On irreducible triadicity.
There are three distinct domains to consider. The first is a purely
mathematical notion of a connected graph; the second is formal
relational languages; and the third, somewhat murkier, is concerned
with the metaphysical nature of relations. Peirce proved a simple
result in graph theory to which he and others attribute metaphysical
significance; but it does so only if one chooses a particular
connection between the first and third of our domains via the second.
Other connections are possible, under which the result, while of
course still true, seems to have much less significance.
The result in graph theory is, roughly, that any connected graph can
be built using nodes of degree 1,2 and 3, but that one cannot do it
with nodes only of degree 1 and 2. (Degree of a node is the number
of arcs connected to it.) More precisely, it is that every connected
graph can be 'expanded' to a graph built using such nodes, where one
expands a graph by replacing some of its nodes by connected subgraphs
whose external arcs are isomorphic to the arcs to that node in the
first graph.

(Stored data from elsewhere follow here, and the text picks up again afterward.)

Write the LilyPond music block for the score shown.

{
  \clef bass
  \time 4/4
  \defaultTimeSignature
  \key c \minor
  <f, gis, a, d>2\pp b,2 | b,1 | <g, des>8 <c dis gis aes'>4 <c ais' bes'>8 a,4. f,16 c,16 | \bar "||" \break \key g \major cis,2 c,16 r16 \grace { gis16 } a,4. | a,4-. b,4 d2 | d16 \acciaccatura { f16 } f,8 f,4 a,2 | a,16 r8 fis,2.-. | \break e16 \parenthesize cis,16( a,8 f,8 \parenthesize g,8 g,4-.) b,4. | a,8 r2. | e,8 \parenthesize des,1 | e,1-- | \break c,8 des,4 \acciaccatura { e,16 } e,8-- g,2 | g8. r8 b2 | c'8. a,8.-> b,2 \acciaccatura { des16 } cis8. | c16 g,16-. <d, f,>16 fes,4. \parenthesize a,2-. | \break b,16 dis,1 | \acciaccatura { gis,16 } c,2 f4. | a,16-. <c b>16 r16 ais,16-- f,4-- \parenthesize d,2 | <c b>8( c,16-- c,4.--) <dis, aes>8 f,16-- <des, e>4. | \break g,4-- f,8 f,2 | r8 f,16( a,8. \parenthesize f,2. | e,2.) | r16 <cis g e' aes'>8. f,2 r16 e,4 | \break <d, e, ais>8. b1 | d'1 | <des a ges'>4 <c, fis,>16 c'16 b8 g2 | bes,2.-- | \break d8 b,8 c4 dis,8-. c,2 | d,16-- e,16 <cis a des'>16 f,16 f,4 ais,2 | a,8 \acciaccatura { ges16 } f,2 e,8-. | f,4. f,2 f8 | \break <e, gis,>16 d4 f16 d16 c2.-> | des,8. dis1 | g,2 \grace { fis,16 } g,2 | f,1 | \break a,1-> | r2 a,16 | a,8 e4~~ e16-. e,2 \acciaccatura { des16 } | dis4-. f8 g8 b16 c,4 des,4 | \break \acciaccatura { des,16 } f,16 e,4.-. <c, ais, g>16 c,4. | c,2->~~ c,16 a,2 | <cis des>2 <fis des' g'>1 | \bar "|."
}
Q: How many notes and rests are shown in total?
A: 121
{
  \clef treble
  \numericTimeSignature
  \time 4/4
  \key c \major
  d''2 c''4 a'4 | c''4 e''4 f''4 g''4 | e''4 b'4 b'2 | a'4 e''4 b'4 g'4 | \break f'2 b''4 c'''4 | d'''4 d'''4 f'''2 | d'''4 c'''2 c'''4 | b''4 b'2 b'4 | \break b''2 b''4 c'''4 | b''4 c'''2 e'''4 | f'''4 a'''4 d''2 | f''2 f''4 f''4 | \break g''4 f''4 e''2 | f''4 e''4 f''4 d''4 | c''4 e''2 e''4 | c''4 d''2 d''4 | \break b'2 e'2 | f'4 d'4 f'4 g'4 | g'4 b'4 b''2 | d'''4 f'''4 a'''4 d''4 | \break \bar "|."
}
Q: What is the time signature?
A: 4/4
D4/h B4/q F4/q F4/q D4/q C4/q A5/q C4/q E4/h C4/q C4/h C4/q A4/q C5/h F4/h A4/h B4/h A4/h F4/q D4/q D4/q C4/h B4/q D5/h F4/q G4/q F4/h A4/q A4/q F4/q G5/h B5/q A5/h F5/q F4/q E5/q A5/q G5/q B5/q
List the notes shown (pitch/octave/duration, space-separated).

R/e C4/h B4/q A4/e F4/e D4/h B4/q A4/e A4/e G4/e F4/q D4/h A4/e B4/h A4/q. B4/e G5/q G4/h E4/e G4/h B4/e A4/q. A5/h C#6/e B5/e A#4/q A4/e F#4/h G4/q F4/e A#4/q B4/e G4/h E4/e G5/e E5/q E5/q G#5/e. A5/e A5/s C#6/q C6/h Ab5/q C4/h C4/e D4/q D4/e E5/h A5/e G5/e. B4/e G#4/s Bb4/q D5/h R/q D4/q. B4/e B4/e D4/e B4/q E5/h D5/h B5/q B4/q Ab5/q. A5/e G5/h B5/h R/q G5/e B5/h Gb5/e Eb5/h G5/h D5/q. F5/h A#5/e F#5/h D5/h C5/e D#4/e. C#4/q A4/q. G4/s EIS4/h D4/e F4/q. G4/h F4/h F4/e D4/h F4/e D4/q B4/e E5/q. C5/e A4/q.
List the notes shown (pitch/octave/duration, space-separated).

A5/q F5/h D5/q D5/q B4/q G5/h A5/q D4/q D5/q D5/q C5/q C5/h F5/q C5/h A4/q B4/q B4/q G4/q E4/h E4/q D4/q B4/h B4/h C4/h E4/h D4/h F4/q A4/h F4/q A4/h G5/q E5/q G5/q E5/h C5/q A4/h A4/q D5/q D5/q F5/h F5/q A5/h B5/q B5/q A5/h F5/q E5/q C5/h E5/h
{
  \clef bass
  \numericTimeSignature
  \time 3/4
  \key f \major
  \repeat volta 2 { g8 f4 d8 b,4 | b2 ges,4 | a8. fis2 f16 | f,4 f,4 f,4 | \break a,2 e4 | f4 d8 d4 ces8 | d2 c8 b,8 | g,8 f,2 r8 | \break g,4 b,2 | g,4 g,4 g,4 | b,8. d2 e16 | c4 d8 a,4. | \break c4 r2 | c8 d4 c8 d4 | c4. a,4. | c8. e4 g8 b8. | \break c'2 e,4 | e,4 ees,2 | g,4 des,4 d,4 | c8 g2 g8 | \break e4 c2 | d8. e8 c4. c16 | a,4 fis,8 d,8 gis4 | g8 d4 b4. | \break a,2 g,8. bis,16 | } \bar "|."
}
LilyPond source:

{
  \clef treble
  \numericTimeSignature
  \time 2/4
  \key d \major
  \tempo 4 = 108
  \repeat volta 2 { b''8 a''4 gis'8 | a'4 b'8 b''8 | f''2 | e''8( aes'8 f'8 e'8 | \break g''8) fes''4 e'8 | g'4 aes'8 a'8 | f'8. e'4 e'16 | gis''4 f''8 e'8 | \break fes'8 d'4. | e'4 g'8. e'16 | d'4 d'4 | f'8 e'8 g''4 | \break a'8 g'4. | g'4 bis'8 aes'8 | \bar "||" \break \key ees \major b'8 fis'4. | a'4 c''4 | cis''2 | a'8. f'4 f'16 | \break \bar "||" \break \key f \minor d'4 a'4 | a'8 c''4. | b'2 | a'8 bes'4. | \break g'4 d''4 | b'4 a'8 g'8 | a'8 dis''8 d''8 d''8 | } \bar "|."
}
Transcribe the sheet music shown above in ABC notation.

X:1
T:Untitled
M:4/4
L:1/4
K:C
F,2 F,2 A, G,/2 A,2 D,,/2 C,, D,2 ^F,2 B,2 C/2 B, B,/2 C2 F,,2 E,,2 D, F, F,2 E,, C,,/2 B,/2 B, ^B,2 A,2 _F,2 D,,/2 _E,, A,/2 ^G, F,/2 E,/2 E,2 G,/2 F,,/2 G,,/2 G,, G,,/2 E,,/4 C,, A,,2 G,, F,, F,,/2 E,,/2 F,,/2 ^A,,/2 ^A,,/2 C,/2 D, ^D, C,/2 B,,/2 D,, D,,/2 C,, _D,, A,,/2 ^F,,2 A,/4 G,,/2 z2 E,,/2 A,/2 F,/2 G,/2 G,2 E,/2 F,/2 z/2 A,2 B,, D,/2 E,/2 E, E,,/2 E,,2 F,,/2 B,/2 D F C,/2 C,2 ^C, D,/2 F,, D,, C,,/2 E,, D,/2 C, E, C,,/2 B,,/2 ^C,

In effect, the expanded graph has a subgraph which can
be collapsed (by identifying all its nodes and any connections
between them) into a single node of the original graph. In modern
terms one might say that the expanded graph is an implementation of
the first graph in which some nodes are implemented by datastructures
which are themselves connected graphs: imagine using LISP to encode a
graph, for example.
It is easy to see how to construct such a datastructure for any node
of degree n >3; one simply takes n-2 degree-3 nodes and links them
together in a chain: (view the following in a fixed-width font)
| | | | |
---1------2------3------4---....---n-2---
which has n outgoing arcs to which the nodes linked to the original
node can be attached. Also it is pretty obvious that you couldn't do
it with nodes of degree 2, since the process of linking them together
would itself use up all but the two spare 'ends', so you can only get
another degree-2 graph.
That is the sum total of the notion of 'irreducible triadicity'. It
is an interesting result in graph theory, but why is it considered to
have any deep importance in semantics and semiotics? To see why
Peirce thought it did, one has to appreciate how Peirce would have
interpreted a semantic network.
A semantic network is a way of interpreting labelled graphs as sets
of assertions: the nodes of the graph correspond to things, and the
arcs of the graph correspond to relations. Only binary relations can
be directly accomodated in this way, so to encode the fact that a
relation R of greater arity (eg a trinary relation) holds, one
introduces a new node to be an 'R-fact', and links it to the
arguments of the trinary relation by arcs (which can be labelled with
relations like 'first', 'second', etc., if no intuitively sensible
relation names suggest themselves.) This corresponds to the logic
translation I gave in an earlier message, and it has been widely used
in KR work for many years. (To give a full translation of FOL into
graphs requires other devices, including some way to represent
quantifier scope. John Sowa's CG's are an excellent example; I will
ignore this from now on as it is orthogonal to the 'triadicity'
issue.)
With this encoding of relational language into graphs, the
irreducible triadicity result is not important, since the degree of a
node plays no special role in the interpretation (it corresponds to
the number of times a name is used in a logical expression). Peirce
however had a rather different way of interpreting such a graph. In
Peirce's graphical notation, the nodes of the graph, not the arcs,
are thought of as indicating relations, so that the degree of the
node is the number of arguments the relation has. With this
interpretation the degree of a node is clearly of much greater
importance, and the graph-theoretic result takes on a new
significance. It is therefore interesting to investigate this other
'Peircian' way of interpreting of a graph.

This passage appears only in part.